I'm trying to insert something around 13M rows into a new table but I'm getting the following error:
22/12/09 19:33:56 ERROR Utils: Aborting task
java.lang.AssertionError: assertion failed: Created file counter 11 is beyond max value 10
at scala.Predef$.assert(Predef.scala:223)
at org.apache.spark.sql.execution.datasources.DynamicPartitionDataWriter.$anonfun$increaseCreatedFileAndCheck$1(FileFormatDataWriter.scala:191)
at scala.runtime.java8.JFunction1$mcVI$sp.apply(JFunction1$mcVI$sp.java:23)
at scala.Option.foreach(Option.scala:407)
at org.apache.spark.sql.execution.datasources.DynamicPartitionDataWriter.increaseCreatedFileAndCheck(FileFormatDataWriter.scala:188)
at org.apache.spark.sql.execution.datasources.DynamicPartitionDataWriter.write(FileFormatDataWriter.scala:277)
at org.apache.spark.sql.execution.datasources.FileFormatWriter$.$anonfun$executeTask$1(FileFormatWriter.scala:280)

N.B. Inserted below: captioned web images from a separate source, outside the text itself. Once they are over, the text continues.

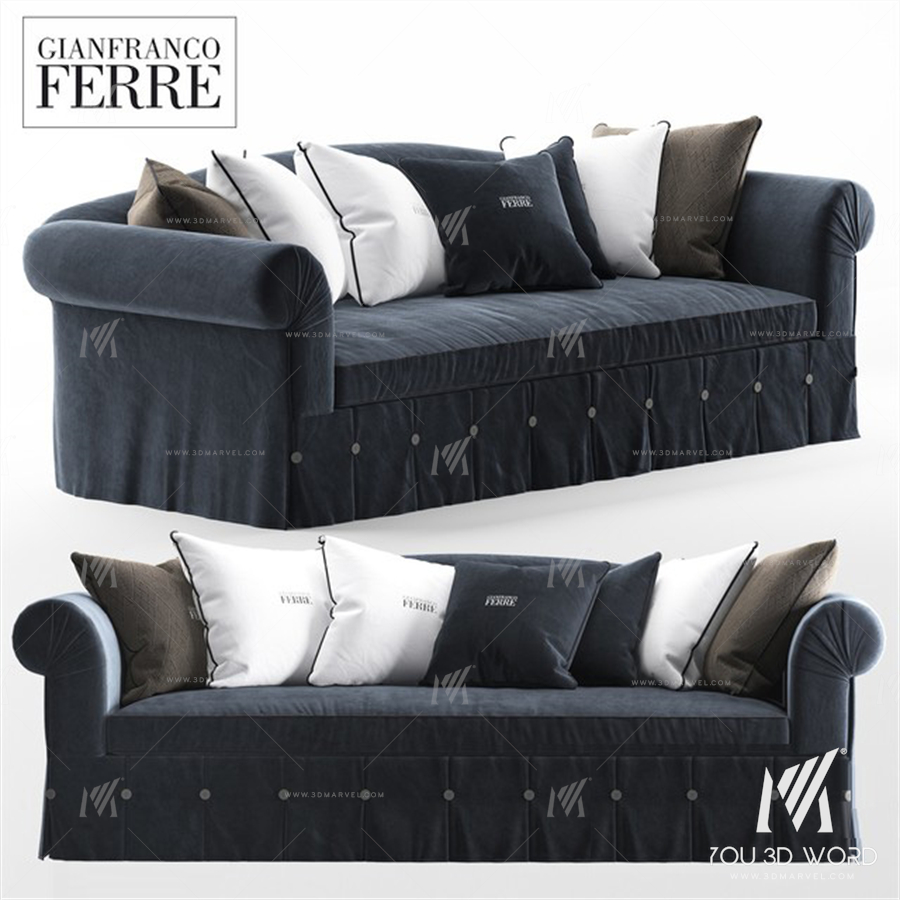 Gianfranco-Ferre_STEPHANY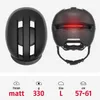 Hud-Y ACE, tessuto nero, L = 59-61cm, Caschi Abus, 66844 Anteprima dell’immagine prodotto 25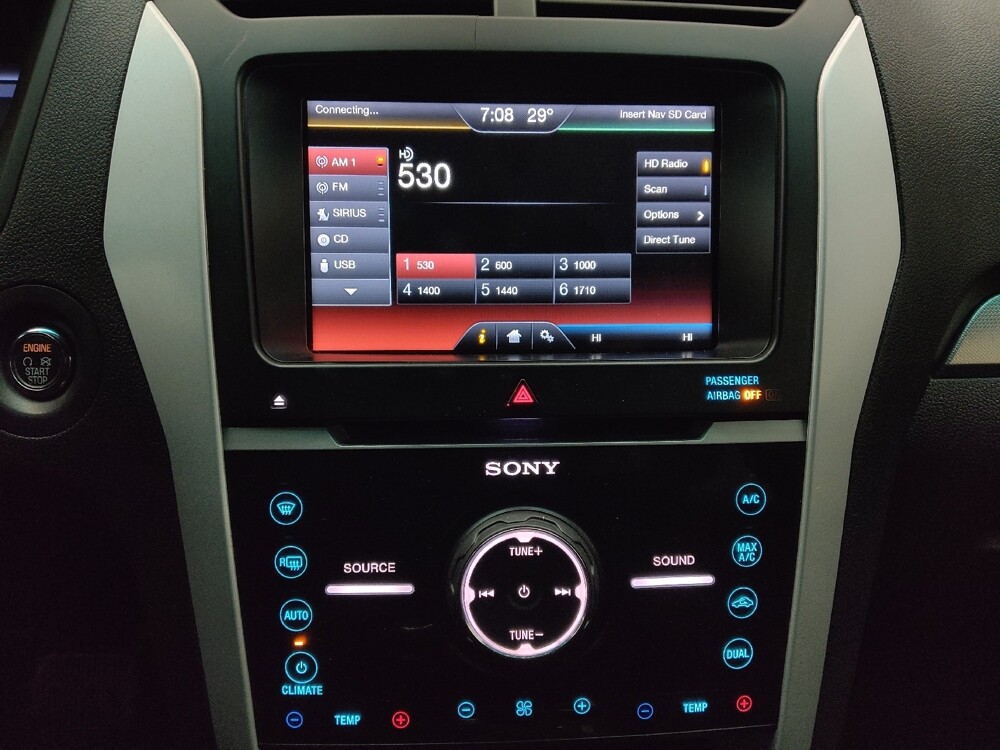 2015 Ford Explorer in Colorado Springs, CO 80909 - 18098597 23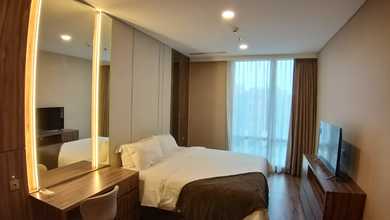 Jarang Ada! Sewa Apartemen 2 KT 2 KM di Jakarta Selatan Lokas Terstrategis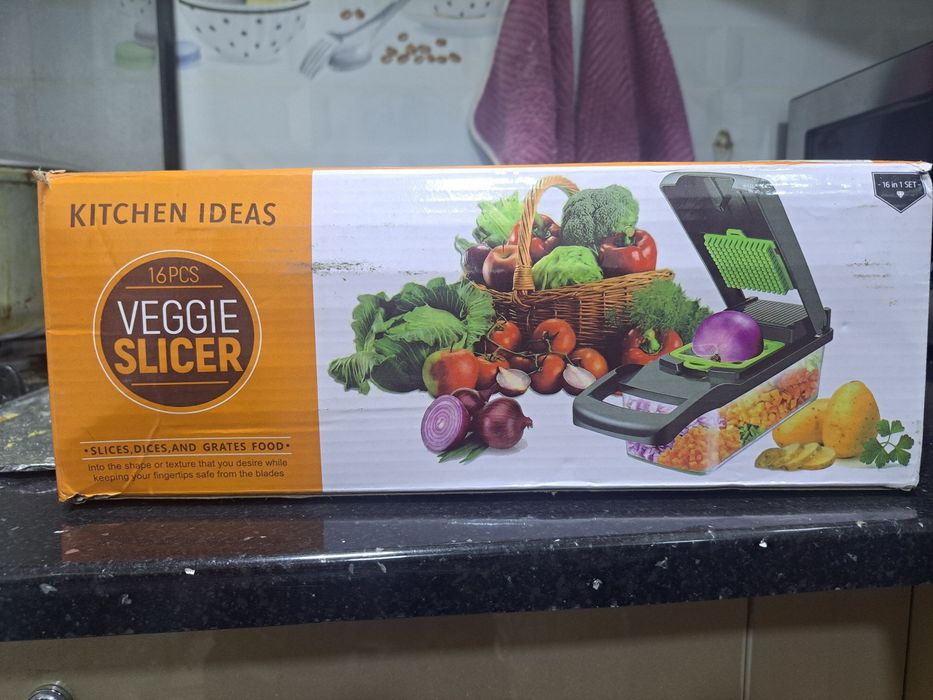 Универсал тёрка.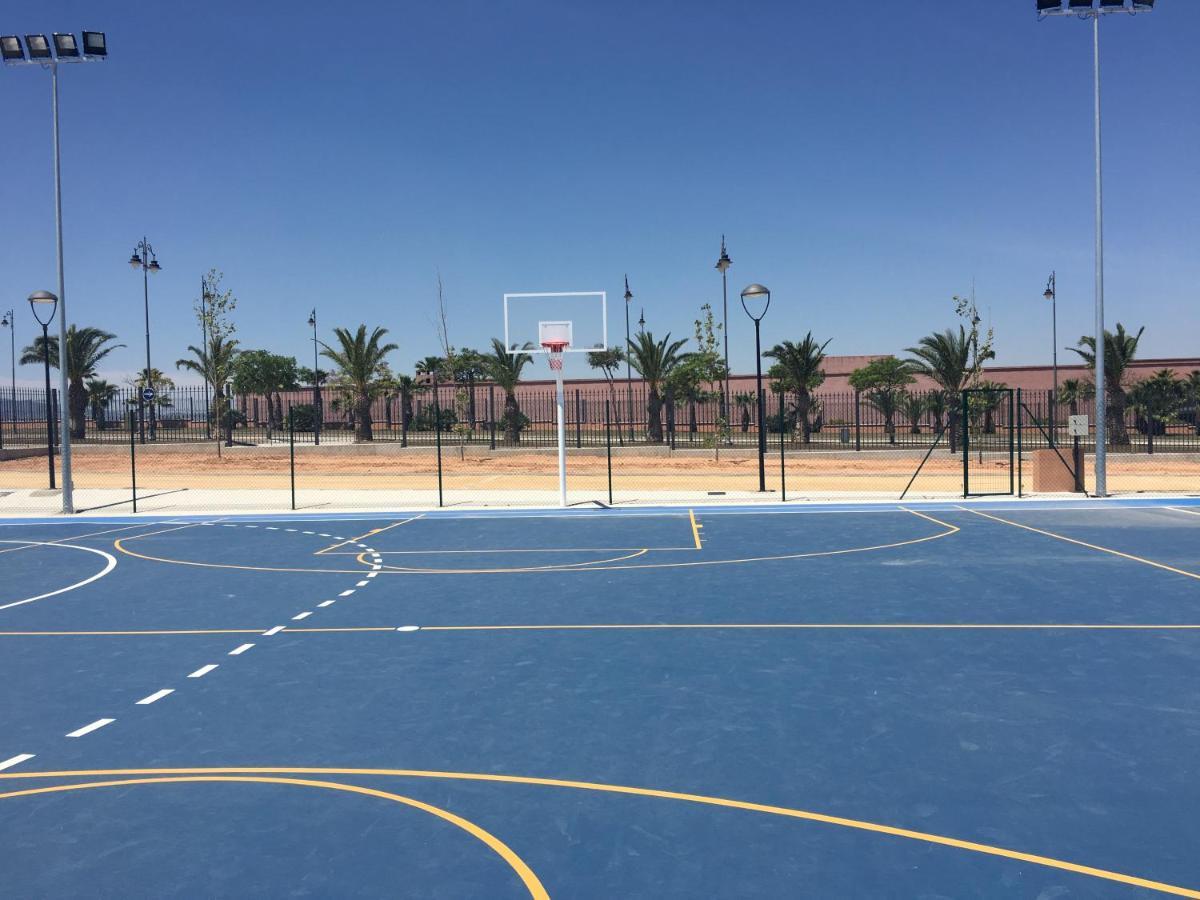 Ferienwohnung Casa Condado De Alhama El Romero Exterior foto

at org.apache.spark.util.Utils$.tryWithSafeFinallyAndFailureCallbacks(Utils.scala:1473)
at org.apache.spark.sql.execution.datasources.FileFormatWriter$.executeTask(FileFormatWriter.scala:288)
at org.apache.spark.sql.execution.datasources.FileFormatWriter$.$anonfun$write$15(FileFormatWriter.scala:211)
at org.apache.spark.scheduler.ResultTask.runTask(ResultTask.scala:90)
at org.apache.spark.scheduler.Task.run(Task.scala:131)
at org.apache.spark.executor.Executor$TaskRunner.$anonfun$run$3(Executor.scala:498)
at org.apache.spark.util.Utils$.tryWithSafeFinally(Utils.scala:1439)
at org.apache.spark.executor.Executor$TaskRunner.run(Executor.scala:501)
at java.util.concurrent.ThreadPoolExecutor.runWorker(ThreadPoolExecutor.java:1149)
at java.util.concurrent.ThreadPoolExecutor$Worker.run(ThreadPoolExecutor.java:624)
at java.lang.Thread.run(Thread.java:748)
22/12/09 19:33:57 ERROR FileFormatWriter: Job job_202212091917352650741377131539872_0020 aborted.
22/12/09 19:33:57 ERROR Executor: Exception in task 0.1 in stage 20.0 (TID 26337)
org.apache.spark.SparkException: Task failed while writing rows.
at org.apache.spark.sql.execution.datasources.FileFormatWriter$.executeTask(FileFormatWriter.scala:298)
at org.apache.spark.sql.execution.datasources.FileFormatWriter$.$anonfun$write$15(FileFormatWriter.scala:211)
at org.apache.spark.scheduler.ResultTask.runTask(ResultTask.scala:90)
at org.apache.spark.scheduler.Task.run(Task.scala:131)
at org.apache.spark.executor.Executor$TaskRunner.$anonfun$run$3(Executor.scala:498)
at org.apache.spark.util.Utils$.tryWithSafeFinally(Utils.scala:1439)
at org.apache.spark.executor.Executor$TaskRunner.run(Executor.scala:501)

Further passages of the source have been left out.